Facile one-step elaboration of nanostructured ZnMn2O4 thin films by a plasma process as a high-performance rechargeable zinc-ion battery cathode

Abstract

The need to develop safe, environmentally-friendly and low cost batteries has led to a growing interest in zinc-ion batteries (ZIBs), due to the abundance of zinc and the high theoretical capacity of this material. For large scale applications, it will be necessary to find adequate cathode materials capable of reversible Zn²⁺ electrochemical storage over prolonged cycling. Among various promising candidates, ZnMn₂O₄ spinel has attracted attention because of its high theoretical capacity, higher voltage than vanadium-based cathodes, and better cyclability among manganese oxide-based cathodes.

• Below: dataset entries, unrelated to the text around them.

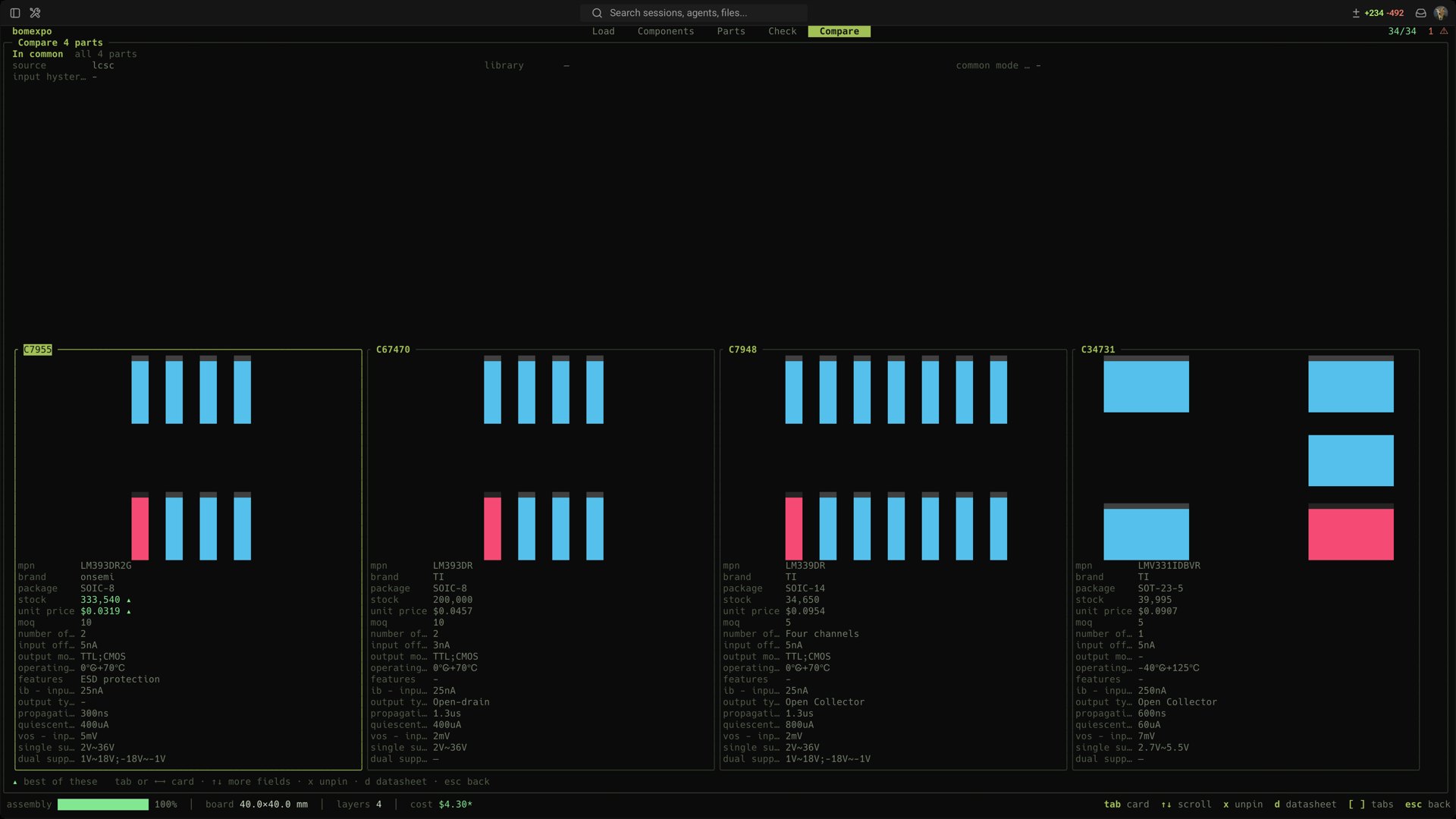 Compare tab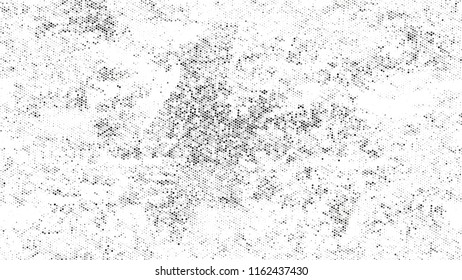 Halftone Grainy Texture with Grunge Dots and Spots. Vintage Dirty Dotted Pattern. Faded Dyed Style Texture. Black and White Noise Fashion Print Design Pattern.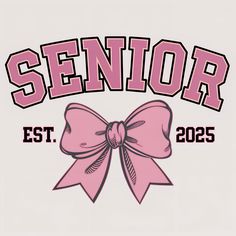 a pink bow is on the back of a t - shirt that says senior est 2055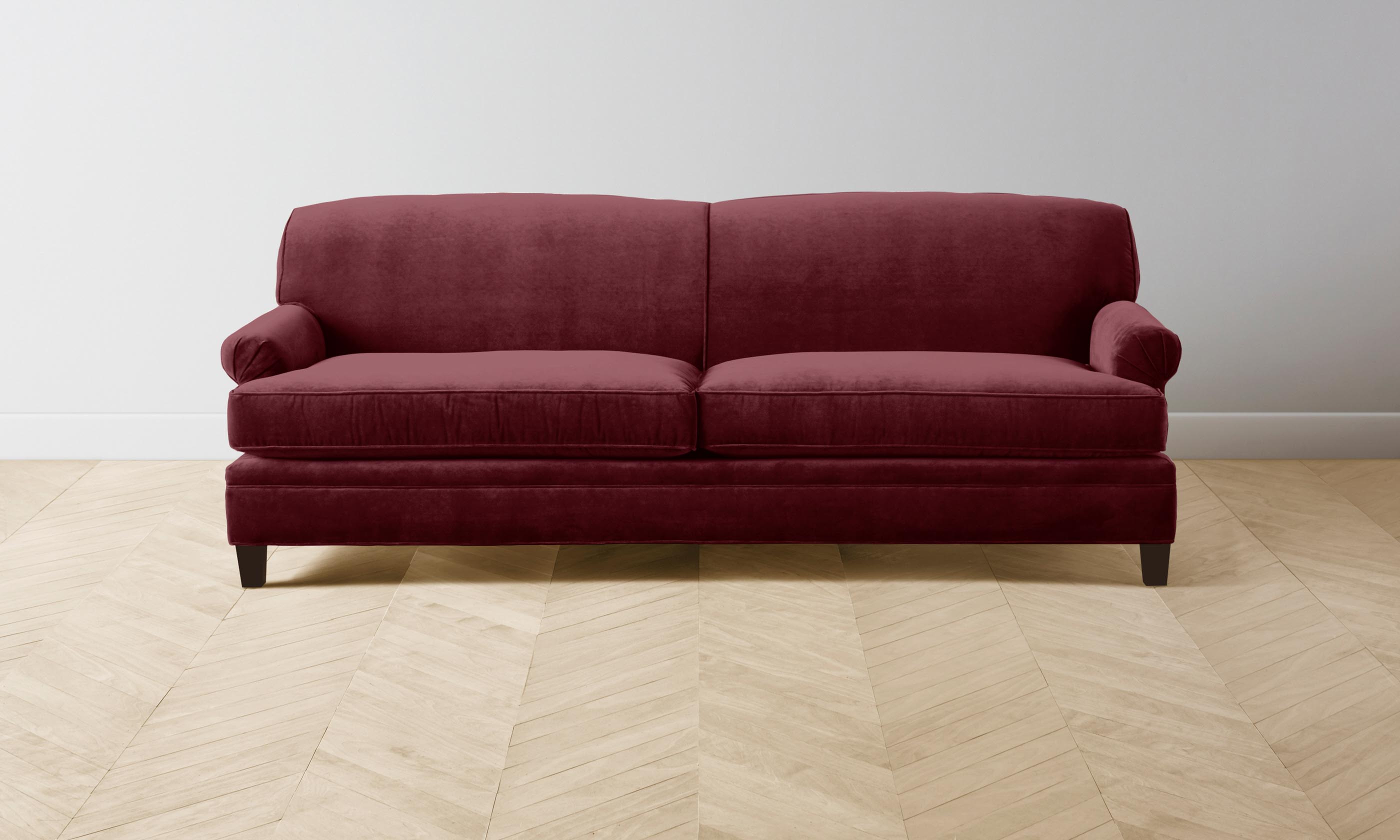 Carmine Performance Velvet Sofa in Merlot - Luxurious Comfort for Living Room, Lounge & Home Theater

However, most of the elaboration routes of manganese oxide based cathodes rely on cost-ineffective and time-consuming multi-steps processes. In this work, we report the elaboration of nanostructured thin films of ZnMn₂O₄ spinel using a single step non-equilibrium plasma method without calcination and without using any additives. The electrochemical behavior of the as-deposited ZnMn₂O₄ spinel thin film was studied for application as a cathode in ZIBs. It gave a remarkably high specific capacity of 235 mA h g⁻¹ at 0.1 A g⁻¹ and 155 mA h g⁻¹ after 1100 cycles at a current intensity of 1 A g⁻¹. These electrochemical performance results demonstrate that the plasma-based elaboration process is a promising strategy for the development of advanced next-generation ZIBs based on the use of nanostructured materials with a controlled structure and microstructure.